Your output should match the listing below word for word, without any images.

- [Data segment]:
******
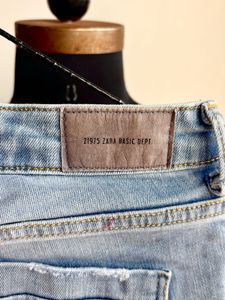 Zara Basic Denim Jeans Distressed style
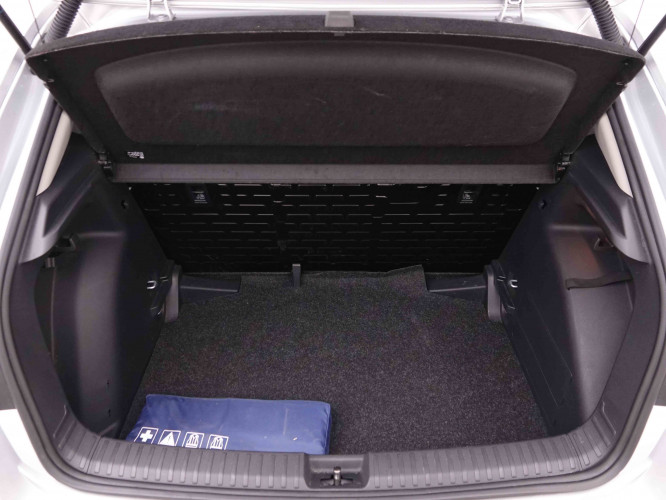 SKODA_SKODA_FABIA_2548408_5.jpg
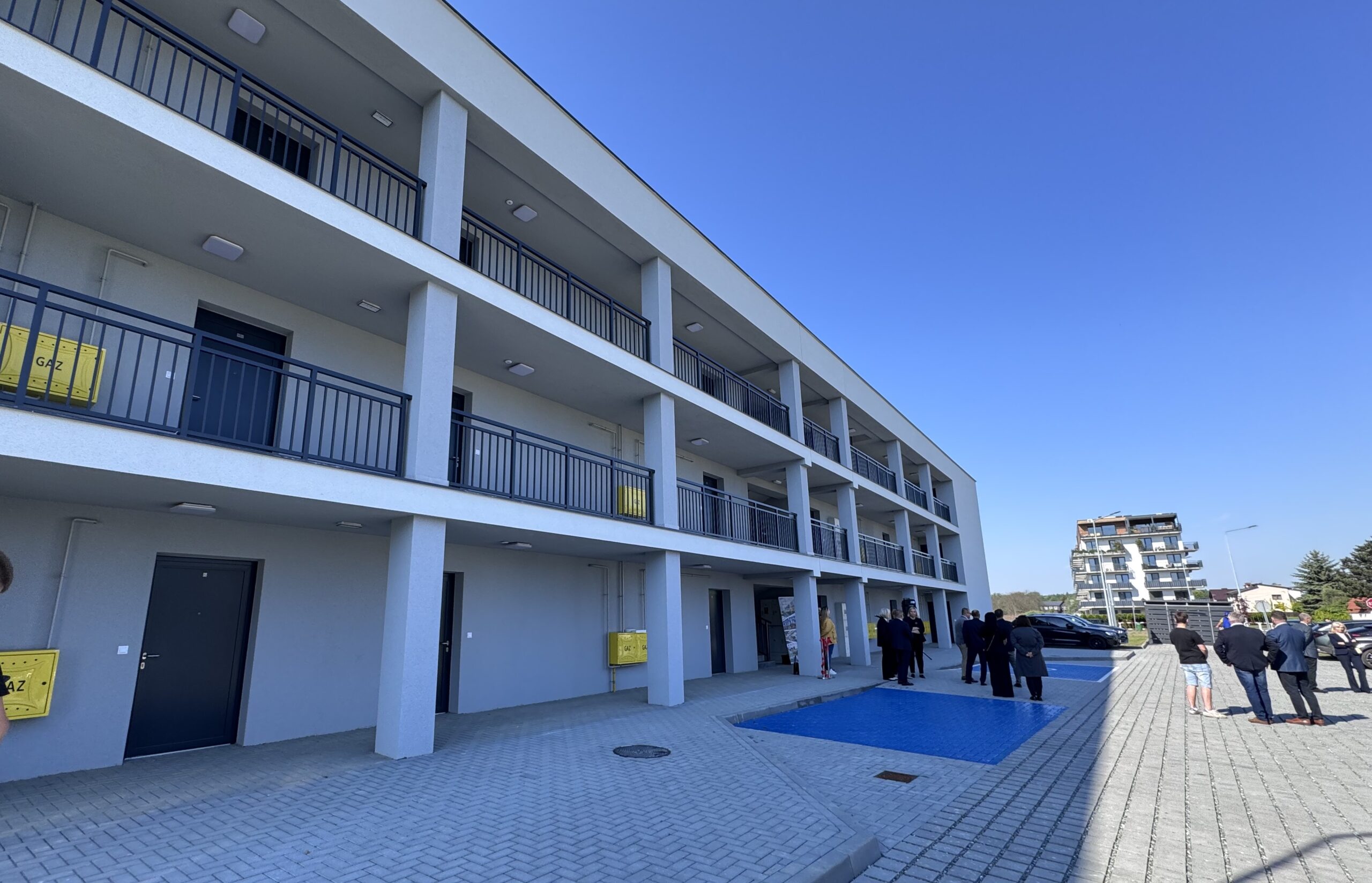 Tło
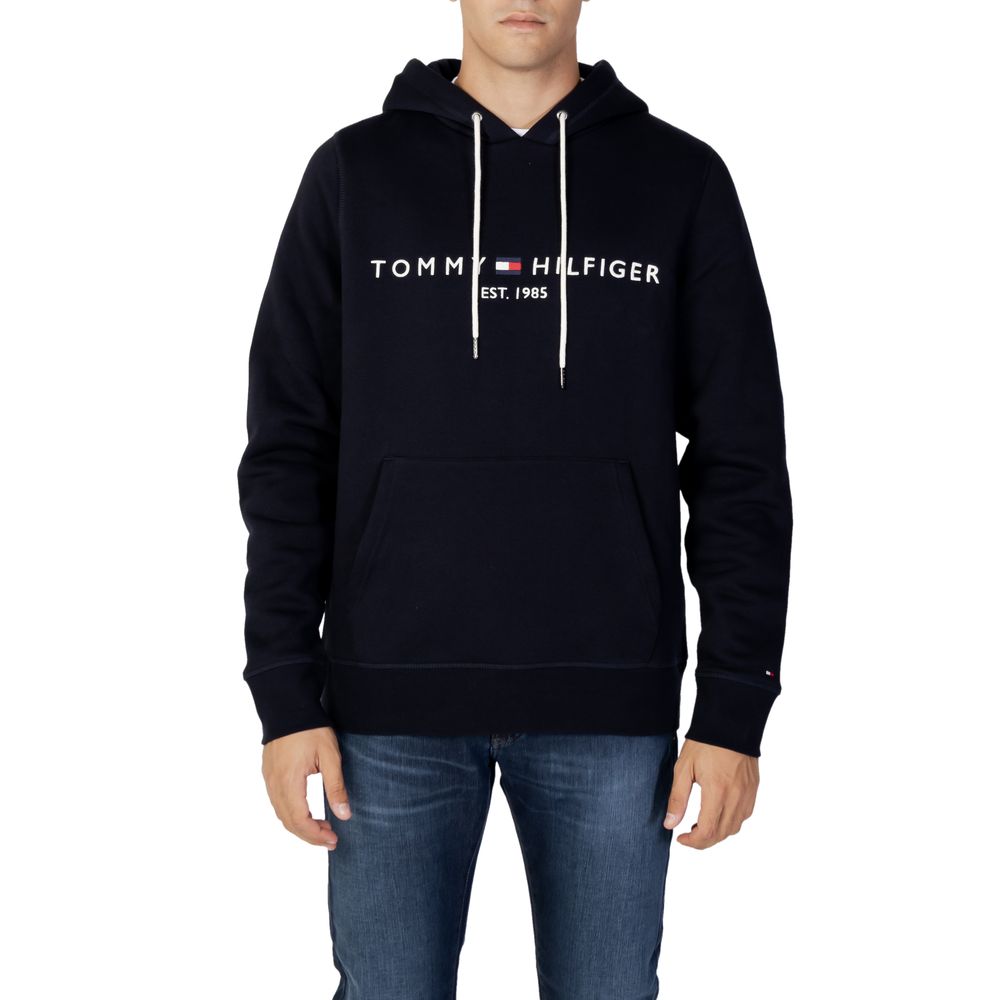 Sweat à capuche en coton bleu Tommy Hilfiger avec logo sur la poitrine, porté sur un mannequin.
******
- [Exercise output]:
 Zara Basic Denim Jeans Distressed style
 SKODA_SKODA_FABIA_2548408_5.jpg
 Tło
 Sweat à capuche en coton bleu Tommy Hilfiger avec logo sur la poitrine, porté sur un mannequin.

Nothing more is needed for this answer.